Bank of America and Wachovia are the only Carolinas banks of 18 in The Observer's survey that said they are sending work abroad. Wachovia does IT development and testing overseas but won't describe specific projects.

"We consider outsourcing on a case-by-case basis," said Wachovia spokeswoman Christy Phillips. "It's not a key business activity for Wachovia at this time."

Keenly felt losses

The white-collar exodus is often not as obvious as the shuttering of a textile mill, but the economic ripples could be harsher.

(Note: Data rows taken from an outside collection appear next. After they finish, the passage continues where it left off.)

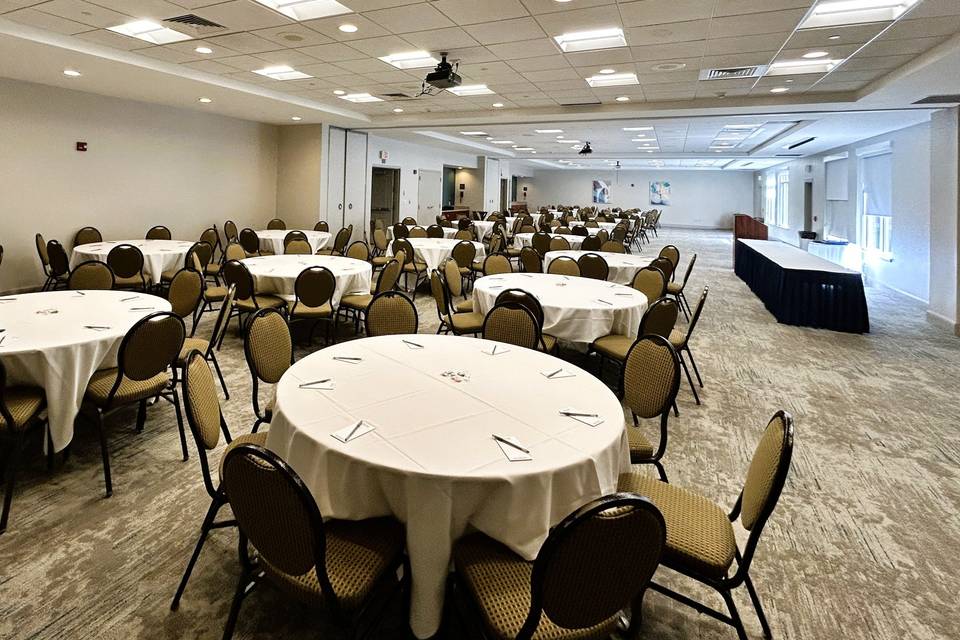 Banquet Space II
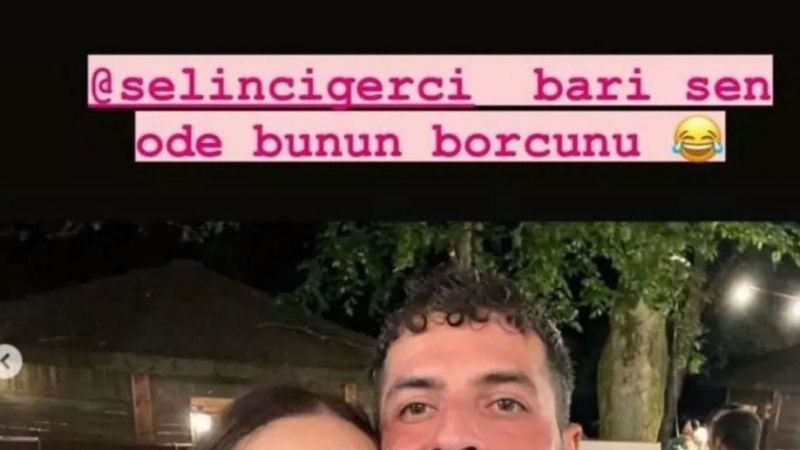 Selin Ciğerci’ye Darbe Üstüne Darbe; Görüntülendiği Asil Cengiz’in Eski Nişanlısından Uyarı Geldi! “Selin Ciğerci, Sakın Ama Sakın Buna Güvenme…” 3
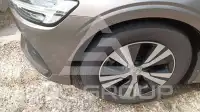 2020 Volvo V60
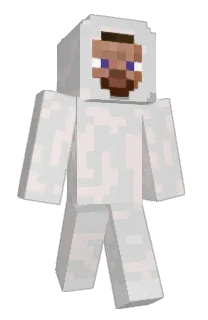 Front of DaKexet's skin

"It's worrisome because these people are generally more educated, tend to vote more and make more money, so the loss of their incomes is felt more keenly by the economy than the blue-collar types," said Irwin Kellner, an economist with Hofstra University in New York.

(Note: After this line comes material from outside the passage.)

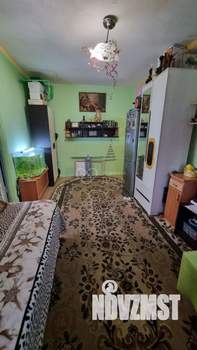 2-к квартира, вторичка, 36м2, 2/2 этаж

And these losses are likely to be permanent, like the mill jobs before them. An economic uptick won't reverse the move abroad, just as the economic boom of the '90s didn't halt the loss of textile and apparel jobs.

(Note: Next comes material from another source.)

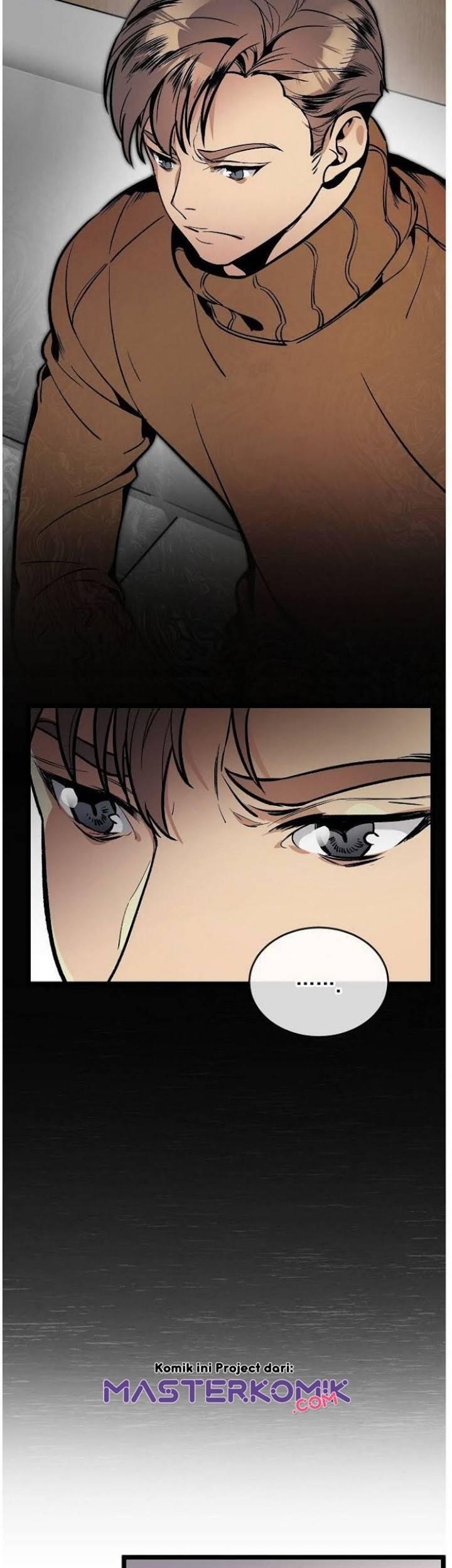 Super Genius DNA Chapter 032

Economists and researchers compare the move to past job shifts such as the migration from farm to factory. Textile jobs relocated from the Northeast to the Southeast and then to low-wage nations. Half the Carolinas' textile jobs -- 136,000 -- disappeared in the past decade.

"The cost to individuals and communities is clear," said Erica Groshen, an economist with the Federal Reserve Bank of New York. "Workers lose earnings while out of work and, on average, don't get jobs that pay as well as the jobs they're displaced from."

Yet historically, the nation has weathered such changes and created jobs -- an average of nearly 2 million a year for the past 20 years.

"We specialize in innovation," Groshen said. "Outsourcing ... gives us the opportunity to move on to the next big thing, whatever that will be, and I don't know what it is."

Talk of the next wave includes wireless, biotech and nanotechnology, all of interest to the Indian tech sector as well.

Outsourcing supporters say the money saved allows companies to invest in creating jobs. By one estimate, two-thirds of every dollar outsourced to India comes back to America, and, with new jobs and investment, grows to $1.12-$1.14, according to the McKinsey Global Institute, the research arm of international consultants McKinsey & Co.

India's global exports of software and IT services hit $9.5 billion last year, and are expected to top $12 billion this year, according to the National Association of Software and Service Companies, the Indian IT industry's trade group. Outsourcing is a partnership that benefits the economies and workers of both nations, said NASSCOM President Kiran Karnik.

NASSCOM Vice Chairman Jerry Rao, CEO of Indian outsourcer MphasiS, added: "Innovative companies win, and innovative employees land on their feet."

Trying to stem the tide

Fears of political or consumer backlash, especially in an election year, could slow the trend.Offshore outsourcing isn't going away, but "you've got a push-back, a buy-American attitude coming into play," said Alan Pelz-Sharpe, a vice president with Ovum, a London-based technology research and consulting firm.

Members of Connecticut-based The Organization for the Rights of American Workers, or TORAW -- mostly laid-off IT workers -- joined similar groups this year protesting at outsourcing conferences in New York and Connecticut.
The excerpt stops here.